Female Afghan helicopter pilots left grounded
Sourya Saleh, 2nd Lt., 20, right, and 2nd Lt. Masooma Hussaini, 21, are two Afghan Air Force helicopter pilots who were trained in the United States. They returned to Kabul in late October, but have still not gotten orders, uniforms, or an assignment. 'It seems we've been put on a very long vacation,' Saleh said. (Carolyn Cole/Los Angeles Times/MCT)
Photo by MCT
KABUL, Afghanistan — Unlike most women in Afghanistan, Sourya Saleh knows how to drive — but she's taken the wheel only with her brother beside her, out of respect for tradition. Her friend Masooma Hussaini is still learning.
Both young women, though, are experts in a more demanding mode of travel: They've flown 204 hours each as pilots of military helicopters.
The first female chopper pilots in Afghanistan since the Soviets trained a woman as a pilot in the 1980s, these two are pioneers.
After 18 months of military helicopter training in the United States, 2nd Lt.
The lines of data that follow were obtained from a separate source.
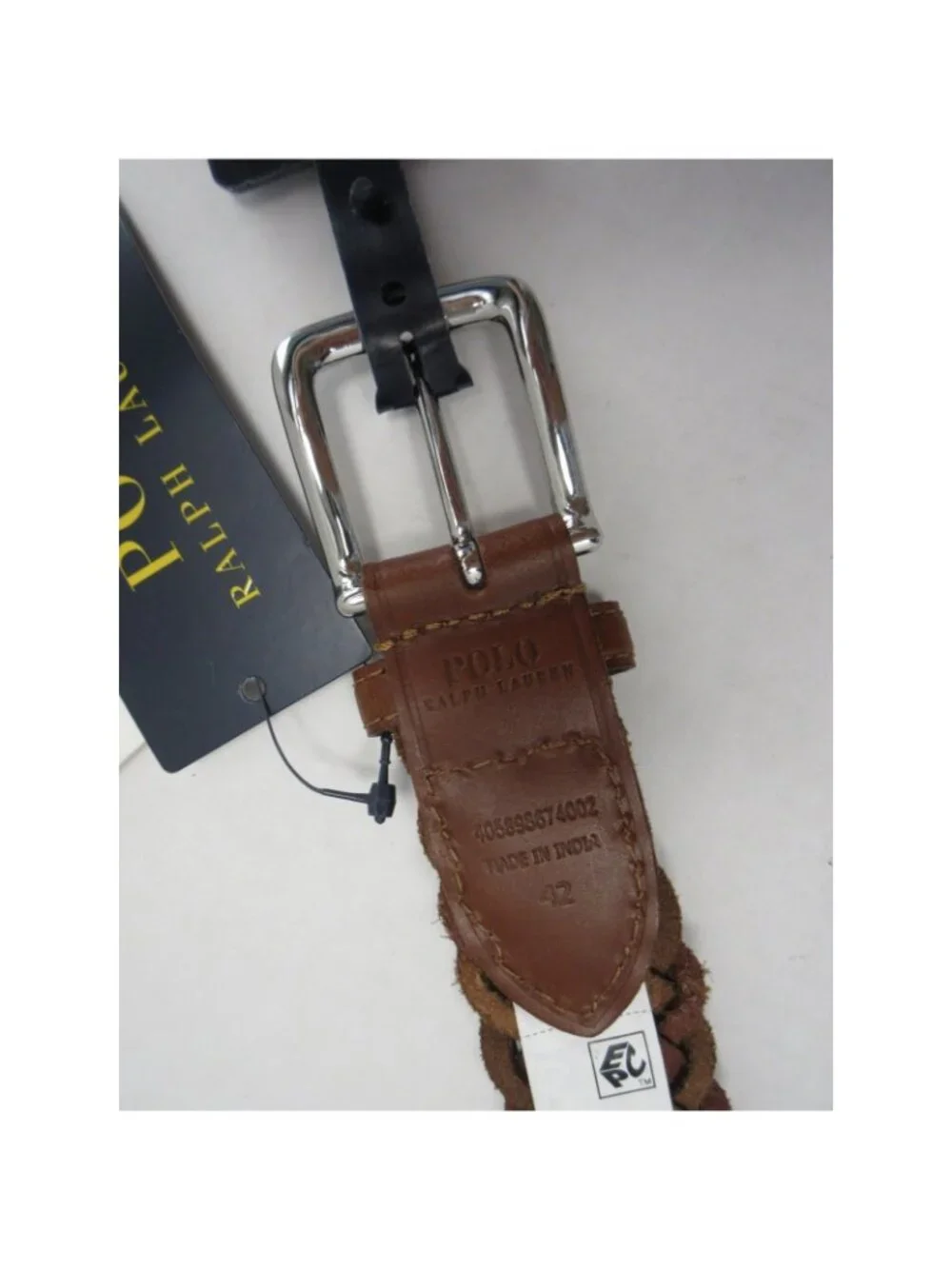 Polo Ralph Lauren brand polo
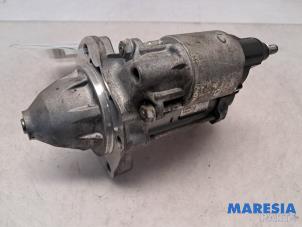 Gebruikte Startmotor Fiat Punto III (199) 0.9 TwinAir Turbo 100 Prijs € 40,00 Margeregeling aangeboden door Maresia Parts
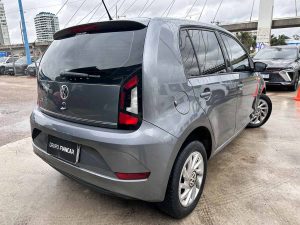 VOLKSWAGEN HIGH UP 1.0 FULL 2018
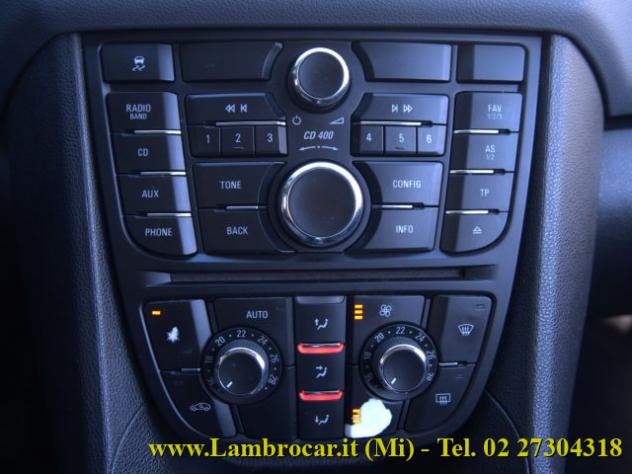 OPEL Meriva 1.4 100CV Cosmo rif. 23868636 - Foto 10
Saleh and 2nd Lt. Hussaini have returned home as two polished, confident Afghan air force pilots. But they don't have uniforms, flight suits or an assignment. They haven't even seen a helicopter, much less flown one.
Since returning here Oct. 28, they've spent their days at home with their families, helping with housework. A superior says their paperwork is “under review.”
“It seems we've been put on a very long vacation,” Saleh said in nearly perfect English, honed by months in Texas and Alabama.
They prefer to believe that the country's nascent air force is just slow and bureaucratic and that they'll be flying soon.
“I fought too hard for the right to fight for my country — I'm not going to stay home and wait,” Hussaini said.